Tuesday, July 19, 2016

The future is now for sentencing in Pennsylvania

Officials in Pennsylvania, which has been slowly preparing to use risk assessment in sentencing for the past six years, are sensitive to these potential pitfalls, reported Bloomberg. The state’s experience shows how tricky it is to create an algorithm through the public policy process. To come up with a politically palatable risk tool, Pennsylvania established a sentencing commission. It quickly rejected commercial products like Compas, saying they were too expensive and too mysterious, so the commission began creating its own system.
To understand the algorithms being used all over the country, it’s good to talk to Richard Berk. He’s been writing them for decades. Berk, a professor at the University of Pennsylvania, is a shortish, bald guy, whose solid stature and I-dare-you-to-disagree-with-me demeanor might lead people to mistake him for an ex-cop. In fact, he’s a career statistician.
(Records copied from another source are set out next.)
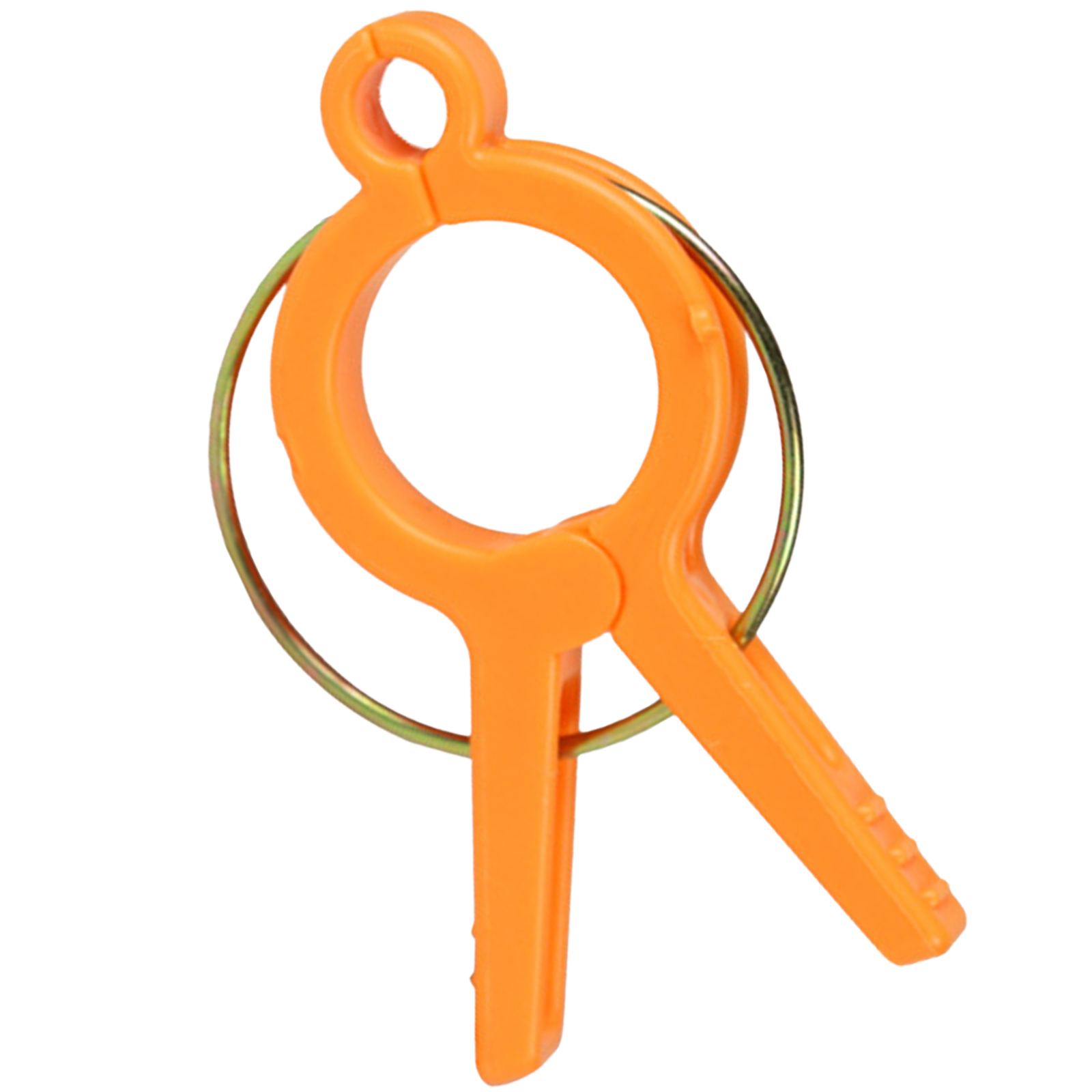 Clips de support en plastique pour plantes de jardin, sécurise les plantes pour éviter l'emmêlement des plantes rapidement et facilement: Rouge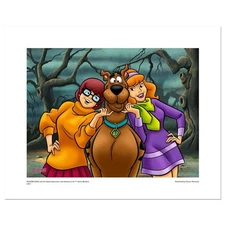 Scooby Adored Numbered Limited Edition Giclee from Hanna-Barbera with Certificat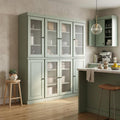 72" Sage Solid Wood 8 Pantry Or Storage Closet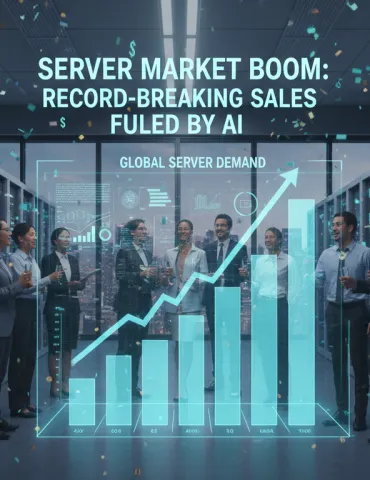 Boom nel mercato dei server: Vendite da record spinte dall'AI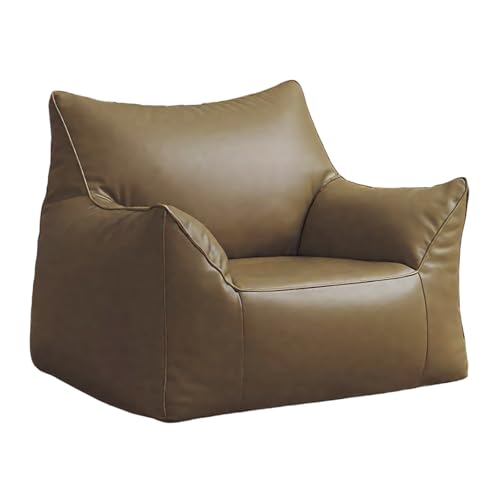 KBZSlyn Bean Bag Cover PU Leather Beanbag Sofa (No Filler) Lounge Chair for Bedroom Dorm Room Pouf Comfy Bean Bag Chair Cover for Adults Empty Lazy Sofa for Living Room(Gray) von KBZSlyn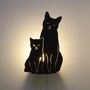 Children's lighting - THE KITTIES LAMP - BLACK - GOODNIGHT LIGHT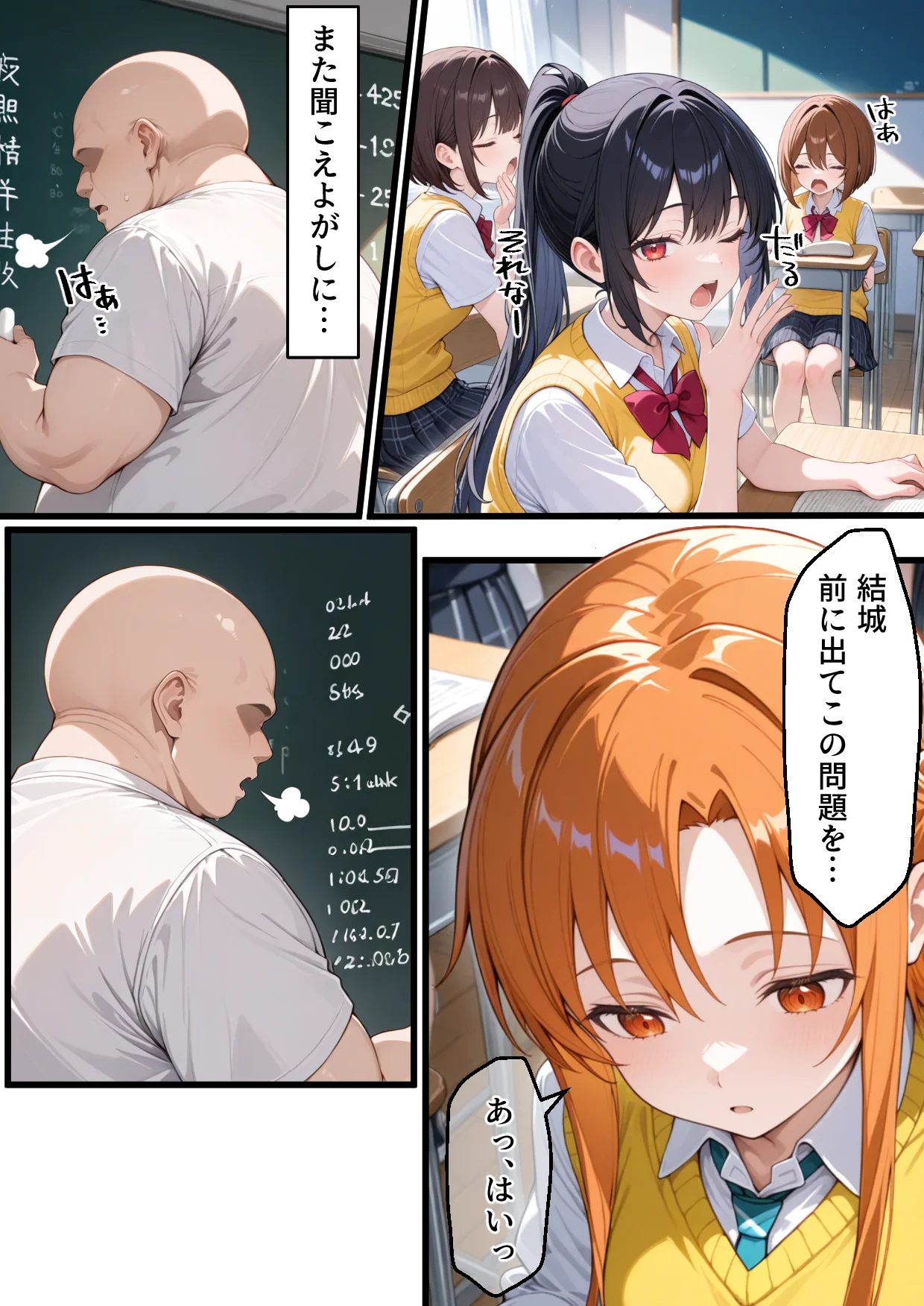 メス猫墜ち NTRの記録 アスナ編  ソードアートオ〇ライン 拘束・辱め・制服 サンプル2ページ目（えちち工房）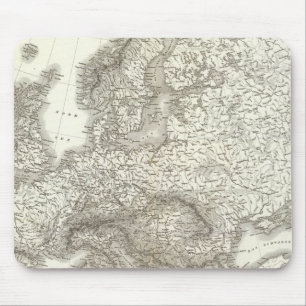 Orograph Europa - Physical Map of Europe Mouse Pad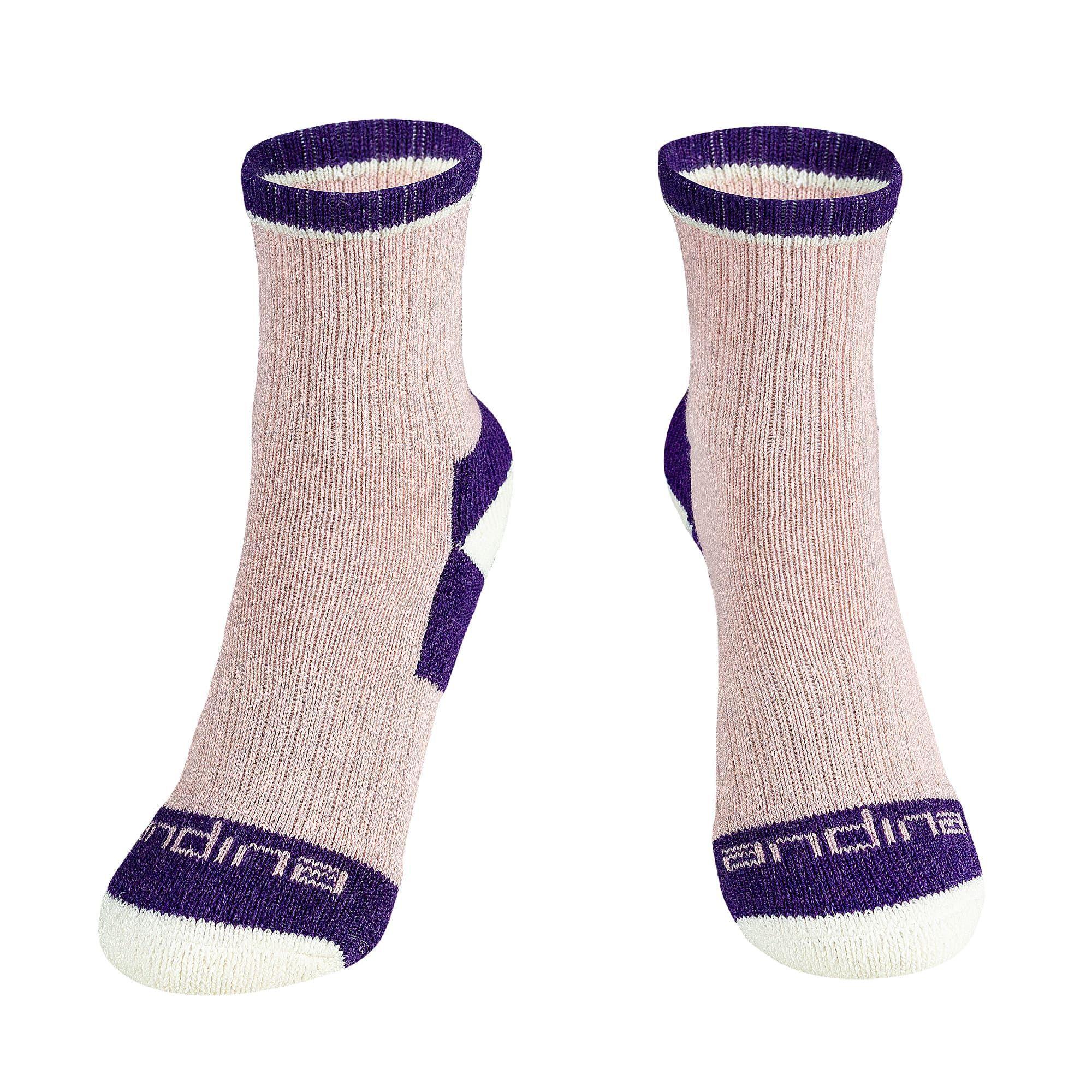 Calcetines niños lana merino alpaca térmicos trekking caminata camping-0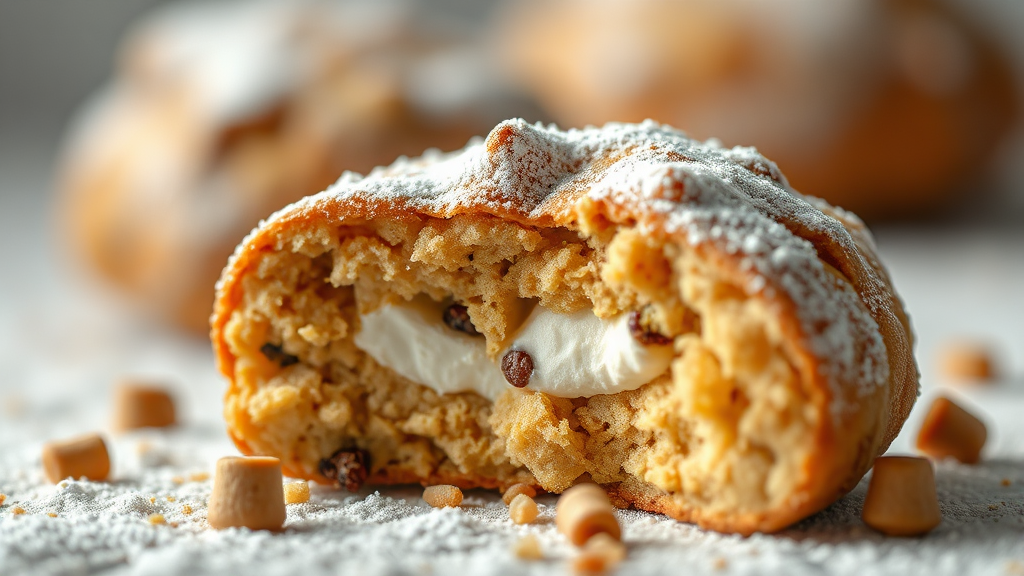 겉바속쫀: 몬트쿠키의 매력적인 식감 파헤치기 (realistic 스타일)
“Race was discarded immediately as an input. But every other factor became a matter of debate. When the state initially wanted to include location, which it determined to be statistically useful in predicting who would re-offend, the Pennsylvania Association of Criminal Defense Lawyers argued that it was a proxy for race, given patterns of housing segregation. The commission eventually dropped the use of location. Also in question: the system’s use of arrests, instead of convictions, since it seems to punish people who live in communities that are policed more aggressively.
Berk argues that eliminating sensitive factors weakens the predictive power of the algorithms. “If you want me to do a totally race-neutral forecast, you’ve got to tell me what variables you’re going to allow me to use, and nobody can, because everything is confounded with race and gender,” he said.